Elijah T. Mixer (January 29, 1824 – May 5, 1904) was an American politician, educator, and businessman who served a farming instructor to Native Americans in Minnesota. Mixer served a single term in the Minnesota Senate from 1857 to 1859 before working for the Saint Paul and Pacific Railroad.

== Early life ==
Mixer was born in Unionville, Ohio on January 29, 1824. He was the son of Phineas Mixer Jr. and Dorcas Mixer.

== Politics ==
In 1848 Mixer was appointed by President of the United States James K. Polk to serve as a farming instructor and Indian agent to the Ho-Chunk living in Minnesota Territory in Winnebago, Minnesota. Mixer first moved to Minnesota Territory in 1849 and settled in Henderson, Minnesota.

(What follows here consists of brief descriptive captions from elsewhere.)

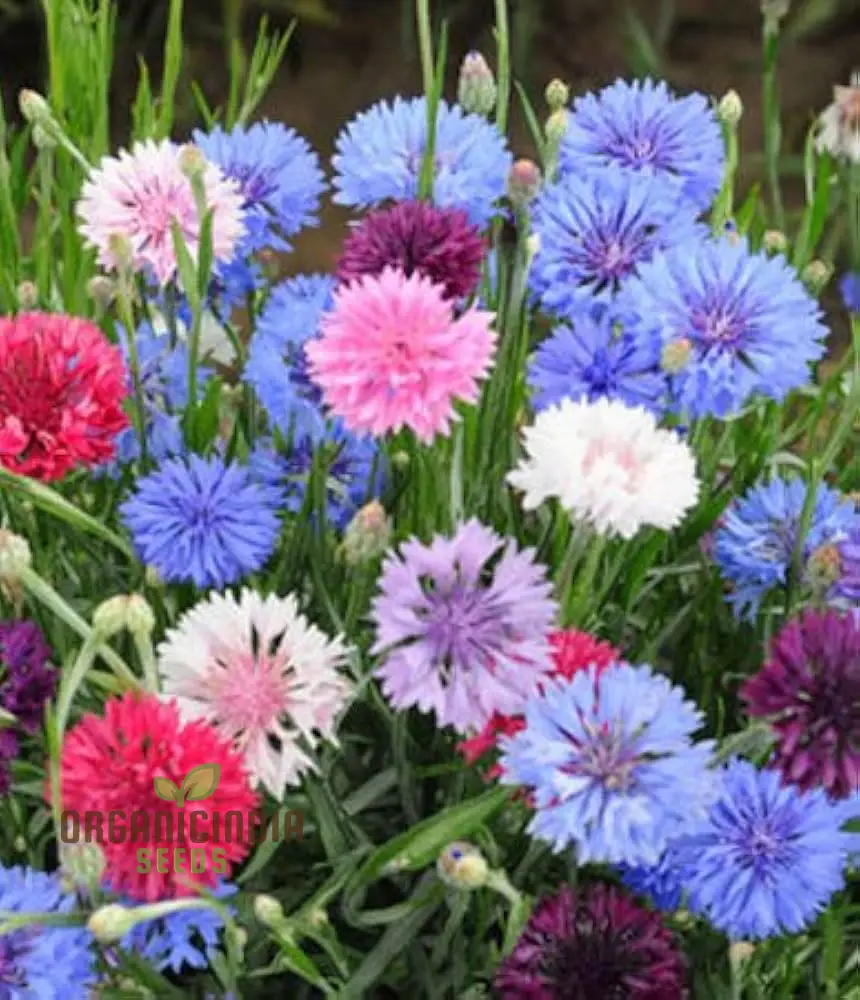 Cornflower Dwarf Polka Dot Mix Seeds - Premium Gardening Variety for Beautiful Blooms - Image 4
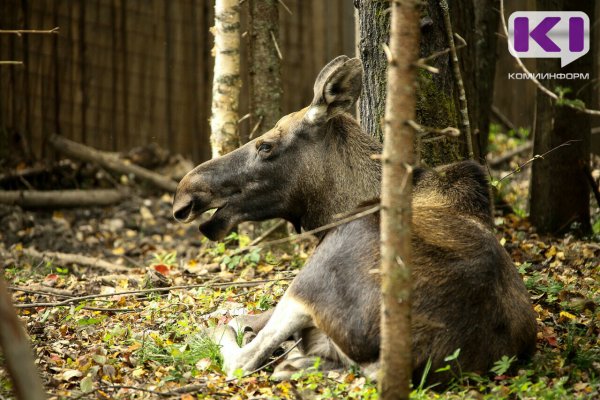 С 15 сентября в Республике Коми открывается охота на лося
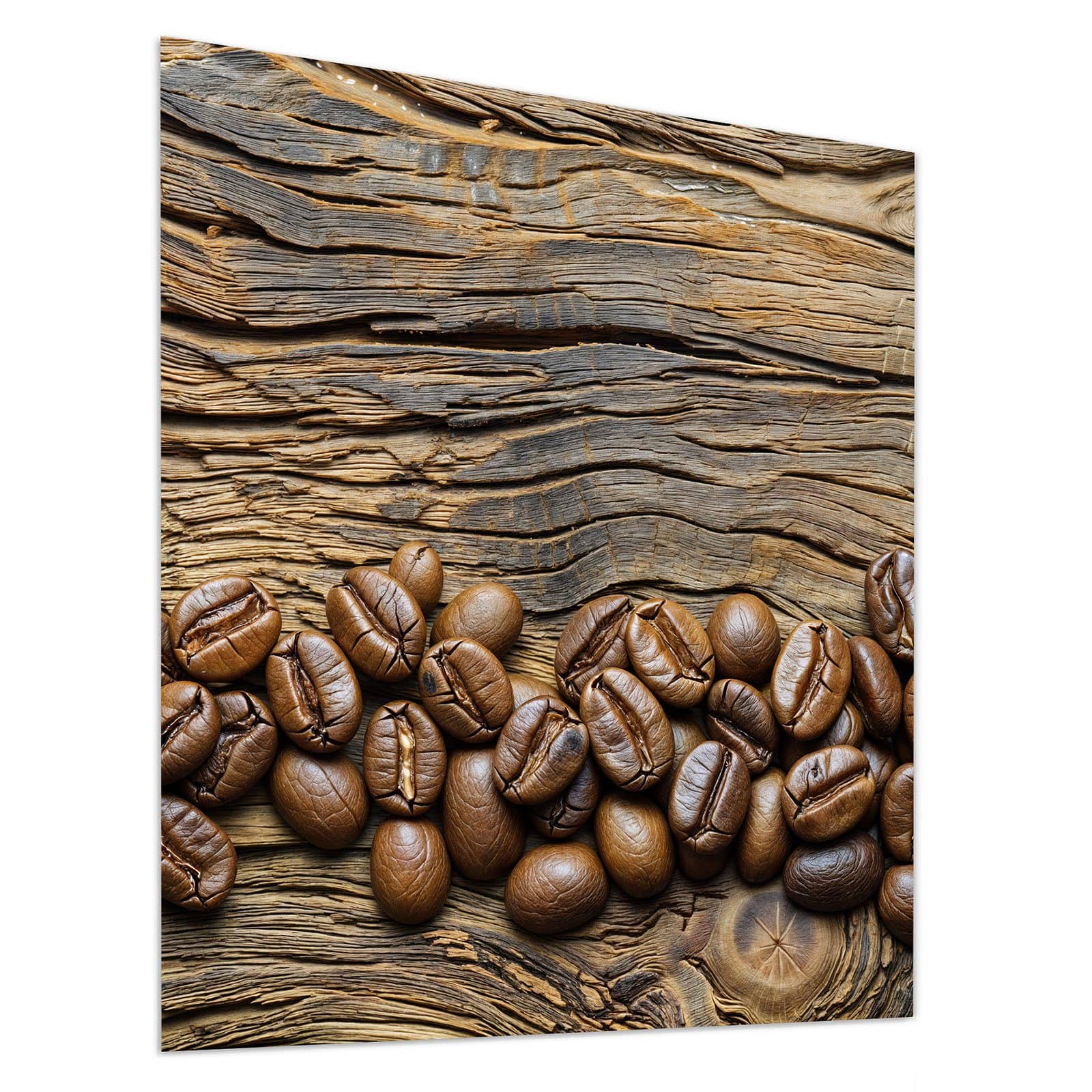 #grösse_90 x 100 cm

Mixer campaigned for a position in the Minnesota Legislature as a member of the Minnesota Senate in 1857. Mixer won the election on October 13, 1857 as a representative of Minnesota's 18th Senate district. At the time the district consisted of Sibley County, McLeod County, and Renville County. Mixer served during the 1st Minnesota Legislature from December 2, 1857 to December 6, 1859. During his term Mixer served on the Elections, Roads and Bridges, State Affairs, and State Prison Committees.

== Railroad career ==
Following his term in the Minnesota Senate, Mixer worked as a railroad foreman for the Saint Paul and Pacific Railroad. Mix was later a foreman for the Great Northern Railway following its consolidation with the Saint Paul Pacific Railroad in 1879 under James J. Hill.

== Death ==
Mixer died on May 5, 1904 in Minneapolis; he is buried in Lakewood Cemetery.